A reader writes:
I have two related questions that I'd be interesting in getting your take on:
First, is it common for interviewers to record the interview so others can listen to it who would be affected by the hire but were unable or uninterested in interviewing? Would that be helpful, do you think, to the hiring process, or just nerve-wracking?
Also, do you think it would be considered weird for a person coming in to be interviewed to request to record the conversation? After all, these are two parties discussing a possible partnership, so it seems reasonable that someone being interviewed should record the conversation. But again, would that be helpful for candidates trying to determine which offer to accept?
First, on interviewers recording the interview: It's definitely not common; I've never heard of it being done, in fact, although I'm sure that somewhere out there, some company is doing it. And probably making many of their candidates significantly more nervous in the process.

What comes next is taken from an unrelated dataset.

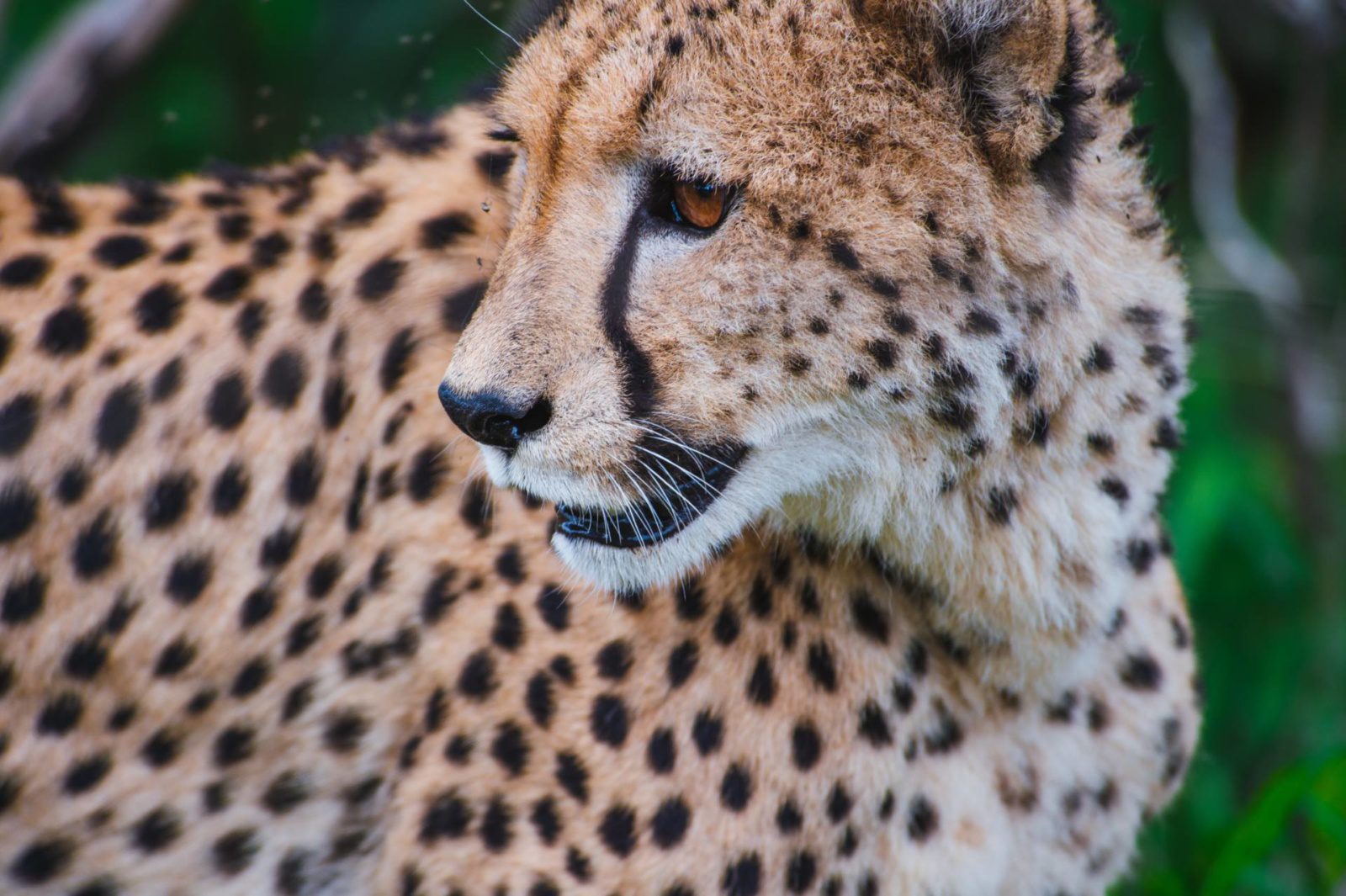safari-animales-africa-leopardo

On the question of the candidate asking to record the interview: First, let me note that I'm answering this in terms of how employers are likely to react, not necessarily how they should react, so I don't want anyone haranguing me in the comments about how I should be more accommodating of a perfectly reasonable request from a candidate.
The reality is, I think it would make most employers very, very uncomfortable, since they'd worry the intent was adversarial in some way -- i.e., the candidate thought they might do something illegal and wanted to capture that on tape (or simply use the the presence of the tape recorder to deter it), or use the recording later to say "you said the job would include X, Y, and Z, and never mentioned I'd also be doing W."
Unfortunately, while there could be a perfectly innocent motivation to ask to record -- the one you suggest -- it's so outside the normal range of interview behavior that asking it would be close to announcing, "I'm litigious and/or high maintenance."
And even though the majority of employers have no intention of screwing you over, legally or otherwise, they'd still worry about this, because no one wants to hire an adversarial, litigious, or high-maintanence employee.
(I suppose someone might have a disability for which recording for later playback was a useful accommodation, but that's about the only time I can see most employers being comfortable with it.)
In both of the cases you ask about -- the employer recording or the candidate recording -- I think it's one of those things that might be reasonable and useful in theory but is so far outside the convention of what's normally done that it would be very hard to do it without making people uncomfortable. Sort of like how it might be useful if you could ask your boyfriend if you can record your break-up conversation so you can reflect on it later, but it would likely make him think you were slightly crazy.
Anyone ever try asking to record an interview?